Ensighten Transforms Web Tags into Rich Customer Data


Looking back once more at last month’s post on the future of marketing data, you may recall that I briefly mentioned the intriguing rise of Web tag management systems as platforms to integrate customer data. Tealium highlighted the topic on Tuesday with $30.7 million in new funding, bringing the total to $77.9 million to support its stated mission of “capturing and serving up real-time, 360-degree customer insight to all of their [customers’] enterprise applications.” Sounds like a Customer Data Platform to me.



But I'll get back to Tealium some other time.  Today I'm writing about Ensighten, another major player in the tag management space, and one that is also pursuing a much grander vision: to be an “open marketing platform” that lets clients build a “custom marketing cloud”.

If origin stories count, and I think they do, then it’s worth noting that Ensighten’s started in 2009 as a digital analytics agency. Frustrated by the limits that traditional tagging methods placed on clients’ ability to move quickly, the firm developed an engine to generate custom sets of tags for each Web site visitor. This differs from the more common approach of serving one container that holds all possible tags.  (The problem both solutions address is that many Web pages contain a large number of tags from different systems; tag managers consolidate those tags so load more efficiently and are easier to control.) Ensighten’s method meant that only the tags that would actually fire for a particular visitor were loaded, while a container serves all tags and lets the Web page figure out which to fire.

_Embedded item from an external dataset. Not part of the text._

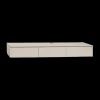 Ygo Tv-Meubel STACY Hoog Klapdeuren Beige B180| Tv-Meubelen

Ensighten studies have found it reduces page load time by 40% and tag deployment time by 75%.

Whatever the relative merits of Ensighten’s approach to tag management, the company’s focus today is on the data itself.  In particular, Ensighten wants to ensure data from the tags is available for the client’s own use. This regains control that is lost when partners place their own tags on company Web pages and don’t necessarily share the resulting information.

As I’m sure you see coming, Ensighten’s next step is to assemble the tag data into detailed individual profiles for personalization, testing, attribution, and other purposes. Ensighten added these capabilites a year ago, just after taking a $40 million investment (bringing its own total to $55.5 million if you're keeping score). These features go beyond Web page tags to capture data from mobile apps, from ad pixels served on external Web sites, and from other systems via batch data imports. They also include processes to merge profiles using customer IDs, cross-reference tables for IDs from different systems, probabilistic matching of shared data elements, correlated behaviors, and links between individuals and devices.  This kind of identity association is arguably the hardest part of building an effective customer database and many systems don't do it.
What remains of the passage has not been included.